Serial has become so important because it’s captivating viewers just as it severely complicates how we usually take our storytelling, even when it comes to true crime. So when Sarah pulls on the heartstrings for Adnan and implicates herself, I get angry. Sarah’s a reporter, she’s not beholden to the wishes of her source, who is a potential murderer who is talking to her willingly and is getting a lot of listeners, even fans, for it. We're not beholden to have the story end just because he wants it to. (Maybe, probably, I just don't want it to end.)

So here's my message for Sarah: Keep your backbone. As you go into the final episode, give us more of the savior-executioner. She's the one who's making Serial so great.


Cruz: Let’s see if I can’t channel Adnan here and diffuse some of the heat in this conversation. So you all essentially agree that this episode was boring; you make a lot of reference to journalistic this and reporter that. Katie and Tanya were expecting something more sensational. Conor and Katie think Adnan was full of it when he said he didn’t want to manipulate Sarah, only to give her the facts.

OK. So, the facts. Yes, journalists are beholden to telling the truth as best they can, verifying leads here, checking out sources there. And yes, Sarah’s a journalist, and journalists tell stories. In some ways, it’s very kind of you to blame the alleged boring-ness of this latest episode on Sarah doing her duty to serve impartiality by any means. But journalists don’t just tell stories, because they’re true. Journalists do not traffic in fact-relaying or data distribution.
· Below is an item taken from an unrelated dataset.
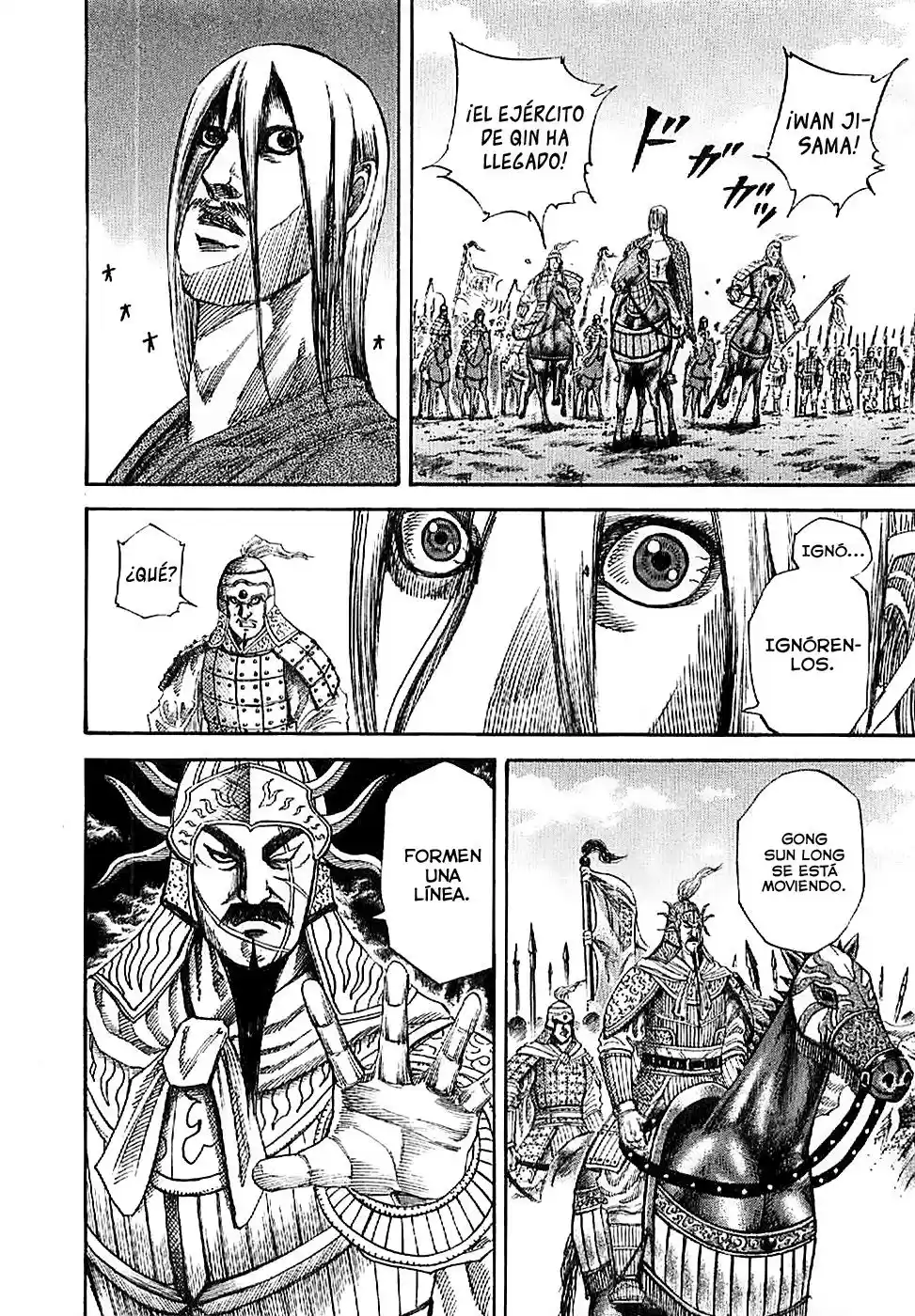 Kingdom (Manga) (2006) - Capítulo 118 - Página 3 - LectorTMOo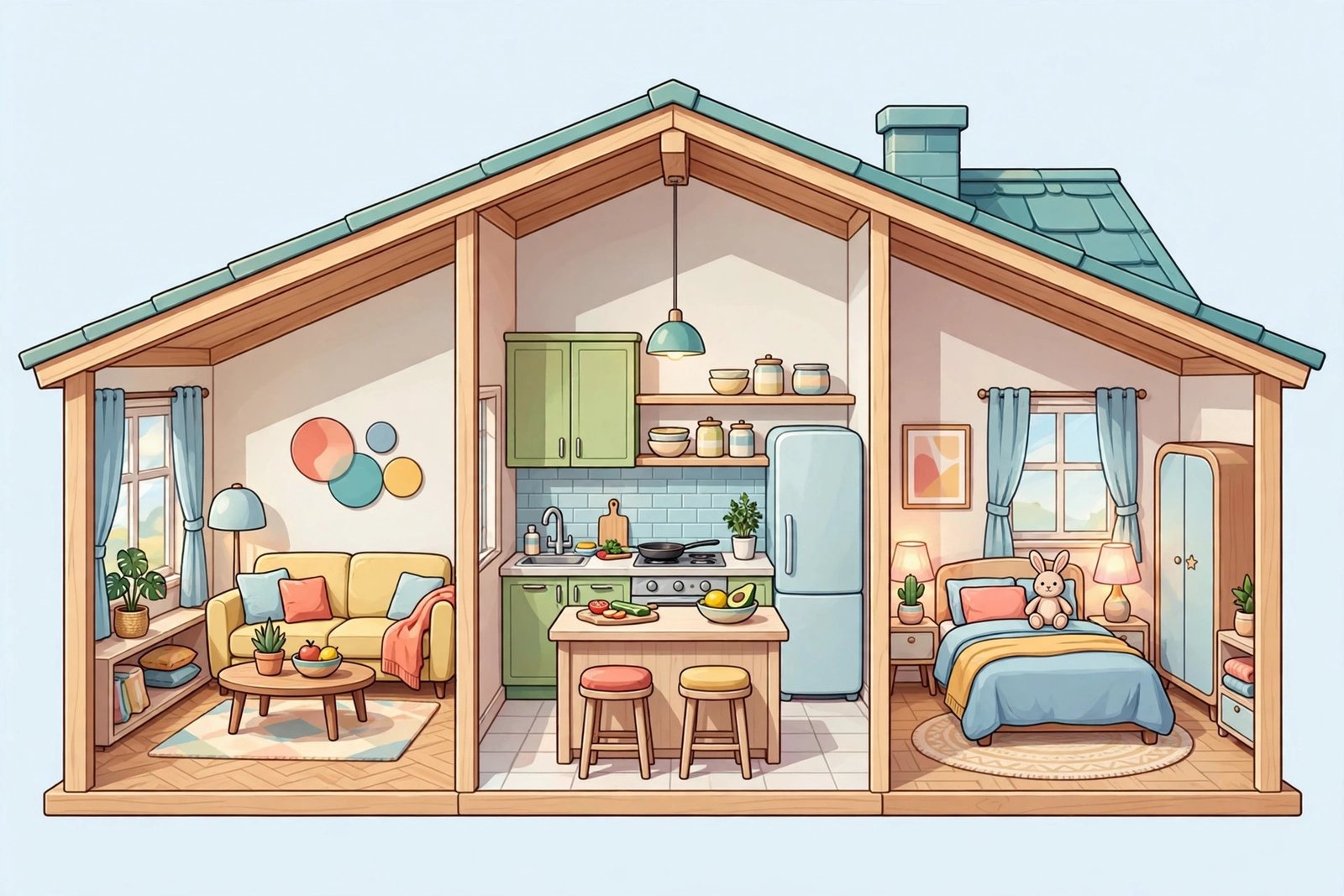House Interior Mega Bundle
Journalists try to tell interesting stories! Often, journalists spend hours and hours of interviewing different sources to figure out if the story they want to tell is worth the time the audience puts in to paying attention. Every journalist, or writer for that matter, should try to answer the question: Why should anyone care? Why does this matter? Sarah told us in the first episode why she’s telling this story, and it’s not because there’s a point to telling Adnan’s story specifically: She picked this story because it came to her, almost literally landed on her desk. That’s it. That, and people started to listen.

If this were a truly journalistic endeavor, she would have checked out all the leads, gathered all her information ahead of time, and created a narrative with a beginning, middle, and end. She would have come to a conclusion; by now, no one is exactly expecting a real conclusion when next week’s final episode rolls around. In other words, if Serial were a purely journalistic effort, Adnan’s case probably wouldn’t have made for a good story. That’s not to say that what happened to him doesn’t matter, or that his case doesn’t have incredibly compelling elements, or that his situation doesn’t throw into sharp relief problems with the U.S. criminal justice system. But a major part of the appeal of Serial is the ability to follow along, to play detective alongside a journalist who is also playing detective (and savior, and executioner, and entertainer, and confidante, and so many other things).

If we strip away the snowballing, communal fascination, Serial is just Sarah telling a story without doing all the legwork ahead of time to figure out if there will a satisfying ending, a payoff in the traditional sense. If it fluctuates from exhilarating or boring from week to week, that's just the nature of this particular podcast. Exploiting Adnan and all the curious, ugly parts of his case was inevitable. Serial was destined to have to publicly work out the weird, ambiguous, unanswerable questions of the nature of knowledge, something that journalists rarely do. The nonlinear, jolting from subject to subject every week—also unavoidable.

I understand the urge to treat Serial like a TV show or a piece of pure reportage and arrange our expectations accordingly. But to do so is also unfair and misunderstands the limitations of the weird cross-genre space in which Serial lies. So if the season feels like it’s limping to the finish line, it’s doing so for the same reasons that made Serial so appealing in the first place.